Suriye’deki durum ve Esed iddiaları
Eski Suriye Devlet Başkanı Beşar Esad’ın, rejimin düşüşü öncesinde Rusya tarafından terk edilmediğini vurgulayan Lavrov, “Kimseye ihanet etmedik” dedi.
Suriye’de yaşananların büyük oranda ülkenin iç işleri olduğunu belirterek, yeni yetkililerle istikrarlı ve olumlu ilişkilerin sürdüğünü ifade etti.
Suriye'deki Heyet Tahrir eş-Şam (HTŞ) örgütü lideri Colani'nin, Beşar Esad’ın son dönemlerinde muhalefetin Rusya ile koordinasyon içinde olduğu iddiasına ise Lavrov, “Sayın el-Şara bizimle hiçbir konuda koordinasyon sağlamadı, hiçbir yaklaşımı koordine etmedi” yanıtını verdi.

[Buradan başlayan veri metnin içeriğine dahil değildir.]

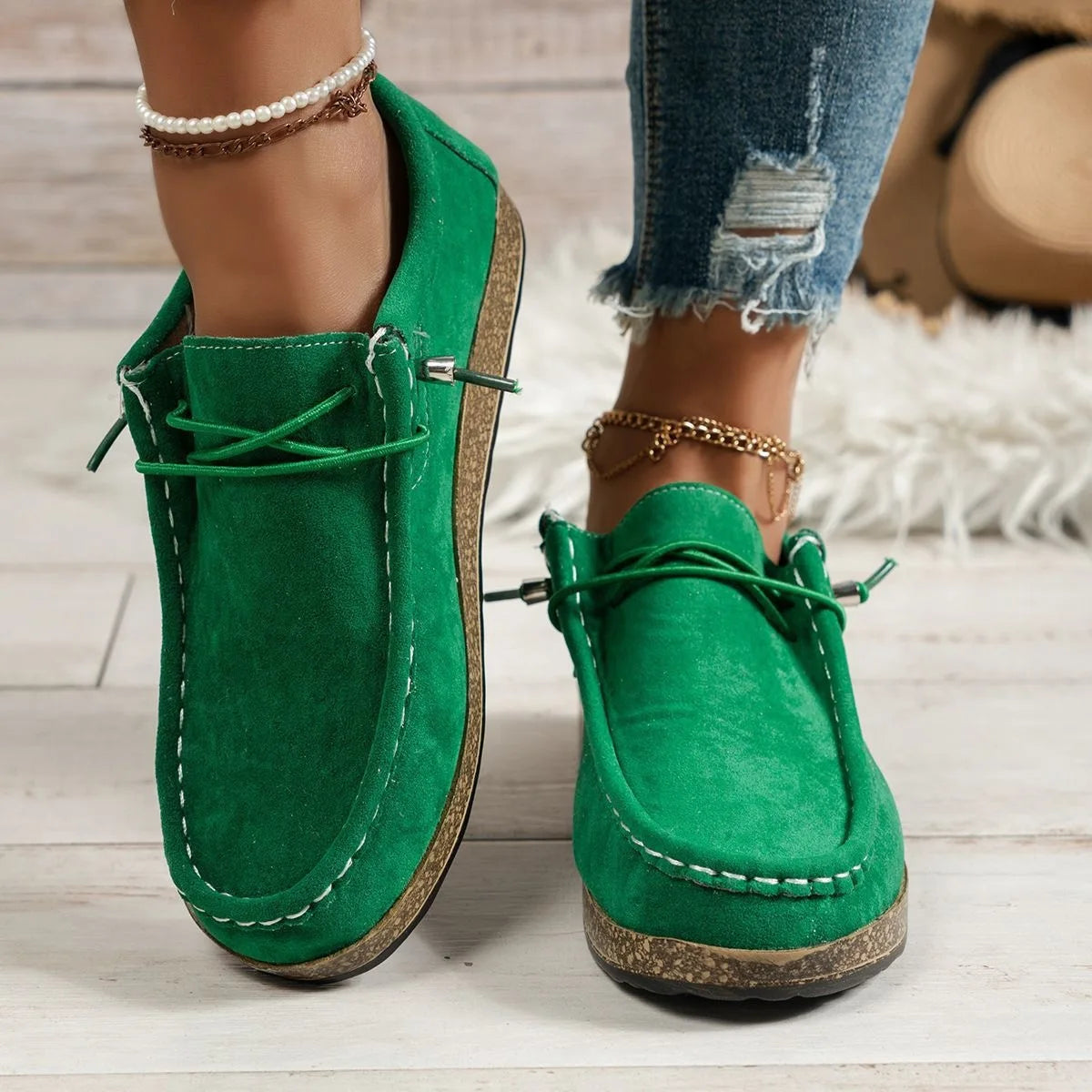 Hot Selling New Large Size Ethnic Style Lace-up Colorful Graffiti Canvas Flat Shoes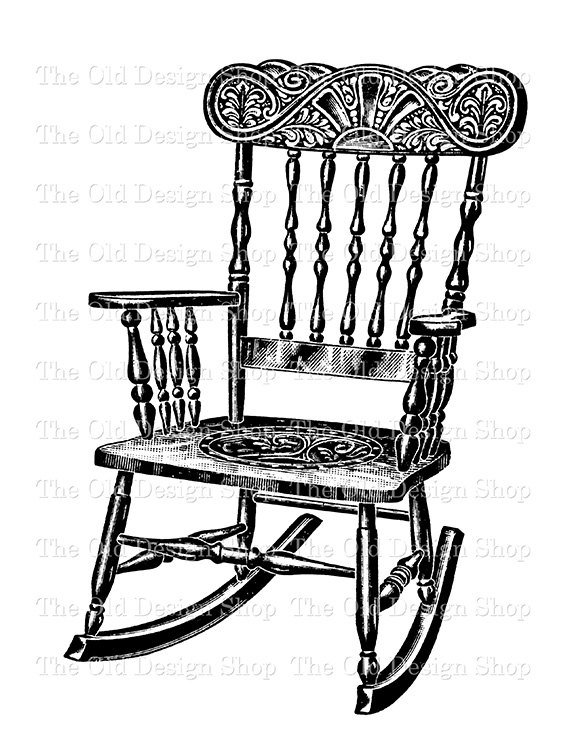 Vintage rocking chair.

2015 yılında Şam’ın kuşatma altında olduğu ve muhalefetin saldırıları nedeniyle rejimin çökme tehlikesiyle karşı karşıya bulunduğu dönemde Rusya’nın Suriye hükümetine destek verdiğini aktaran Lavrov, ''o dönemde askeri varlık kurduklarını, iki hava ve deniz üssü açtıklarını, teröristlere karşı aktif operasyonlar yürüttüklerini'' söyledi.
Bu süreçte İran ve Türkiye gibi ülkelerle işbirliği yapıldığını ve sürecin nispeten olumlu ilerlediğini belirtti.
Soçi konferansına (2018) atıfta bulunan Lavrov, İran ve Türkiye ile varılan anlaşmaların tam anlamıyla uygulanmadığını, uzlaşma ve ulusal diyalog çağrılarına rağmen birçok fırsatın kaçırıldığını dile getirdi. Ancak, bu konuda tarihsel sonuçları değerlendirmek istemediğini ekledi.
Son olarak, bir yıl önce Suriye’de Rus muharip birliklerinin bulunmadığını, sadece bir hava ve deniz üssü olduğunu söyledi.
Muhalefetin toprakları hızlıca ele geçirmesinin beklenmedik olduğunu ve direnişin neredeyse yok denecek kadar az olduğunu ifade etti. Şu anda ise yeni yetkililerle temas halinde olduklarını belirtti.